▸ DIRECTIONS FOR THIS TASK: The listing below must be repeated word for word, without its pictures.

▸ SOURCE MATERIAL:
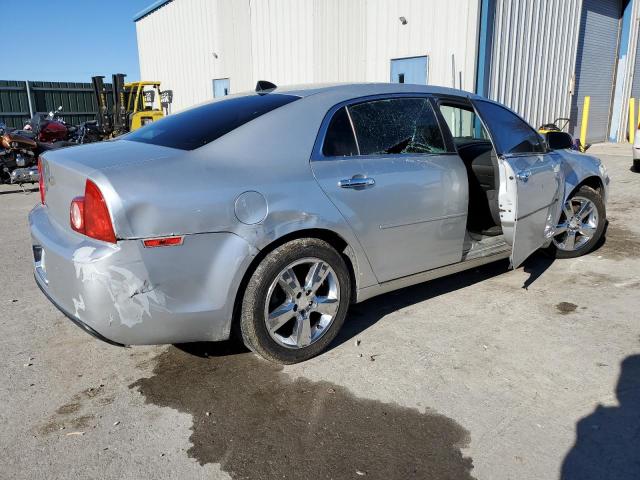 1G1ZC5E09CF110561 - 2012 CHEVROLET MALIBU 1LT فضي صورة 3
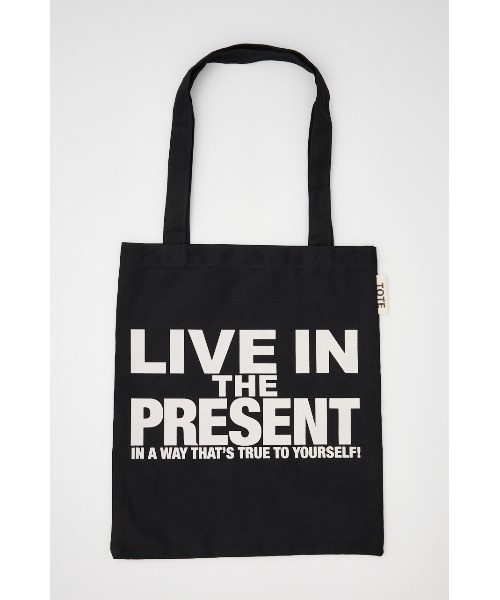 RODEO CROWNS WIDE BOWL（ロデオクラウンズワイドボウル）の「メッセージトートバッグ（トートバッグ・レディース・ライトブルー/ブラック/ブラウン/オレンジ/イエロー/オフホワイト/レッド/ブルー・FREE）」の9枚目の写真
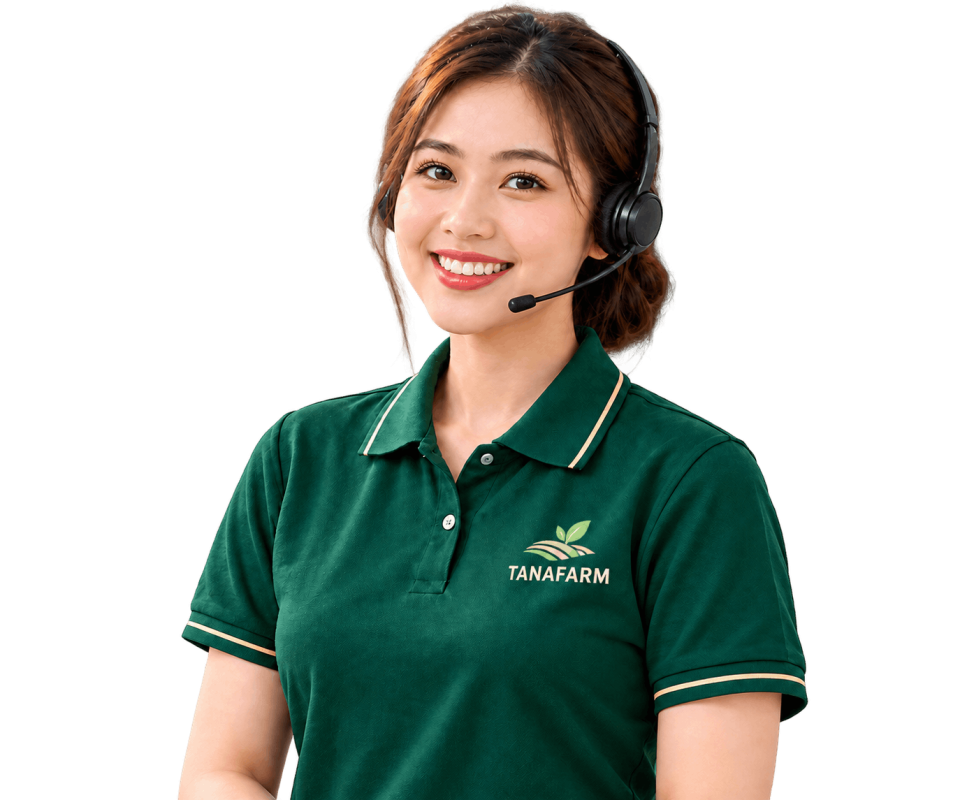 Tư vấn viên TANAFARM hỗ trợ khách hàng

▸ ANSWER FOR THE TASK:
 1G1ZC5E09CF110561 - 2012 CHEVROLET MALIBU 1LT فضي صورة 3
 RODEO CROWNS WIDE BOWL（ロデオクラウンズワイドボウル）の「メッセージトートバッグ（トートバッグ・レディース・ライトブルー/ブラック/ブラウン/オレンジ/イエロー/オフホワイト/レッド/ブルー・FREE）」の9枚目の写真
 Tư vấn viên TANAFARM hỗ trợ khách hàng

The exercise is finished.